The Birmingham Club was an English association football club based at the cricket pitch on the Aston Lower Grounds, and one of the first clubs in Birmingham.

History

The club was formed by C. H. Quilter, the owner and operator of the Lower Grounds amusement park and gardens, out of players from the Aston United cricket club,  in part as an extra attraction for visitors, and having been persuaded to do so by "a Sheffielder called Webster"; many of its players were Quilter's employees at the Lower Grounds.  Quilter himself was a regular player for the club.

The club gave its foundation date as 1875 although there is at least one reported match from the previous year, against the Birmingham Clerks Association club.  By 1877 the club boasted 150 members and, although its first game was to association rules, it was also a member of the Sheffield Football Association and played some matches to the Sheffield rules.  In 1876 the club was the first from outside the city to beat Sheffield F.C., doing so by one goal to nil; in the season the club played 20, and won 8, drew 5, and lost 5.  

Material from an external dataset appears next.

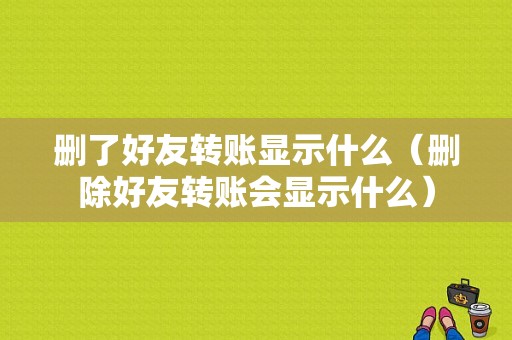 删了好友转账显示什么（删除好友转账会显示什么）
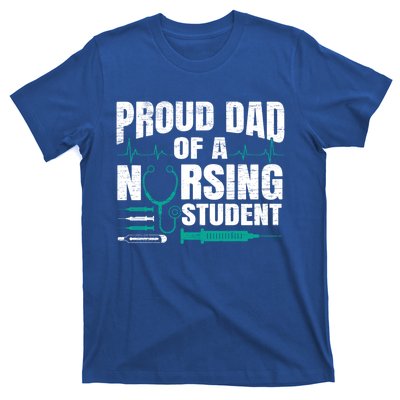 Proud Dad Of A Nursing Student Fathers Day Fatherhood Gift T-Shirt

The club also experimented with rugby union rules, but, after the death of Wilcox in a match against Derby Rugby Club in March 1876, refused to engage any further such fixtures.

The B.C.C. experimented with playing under floodlighting in 1878, by hosting a match at the Lower Grounds against Nottingham Forest illuminated by "Jablockoff Electric Lights".  The experiment was not a success owing to the weather - a pre-match storm destroyed a number of lights, and another storm during the match caused its abandonment.

The club entered the FA Cup in 1879–80, being drawn against Panthers F.C., who withdrew, in the first round, and losing 6–0 at home to Oxford University in the second, after holding the University to 1–0 at half-time, but having to play an hour of the match with ten men after Nicholls broke his collarbone.  The crowd of 4-500 was considered "very small" and blamed on the "intense cold", as it contrasted with the 6,000 at the Lower Grounds the previous week for the match between the Birmingham Football Association and Scotland.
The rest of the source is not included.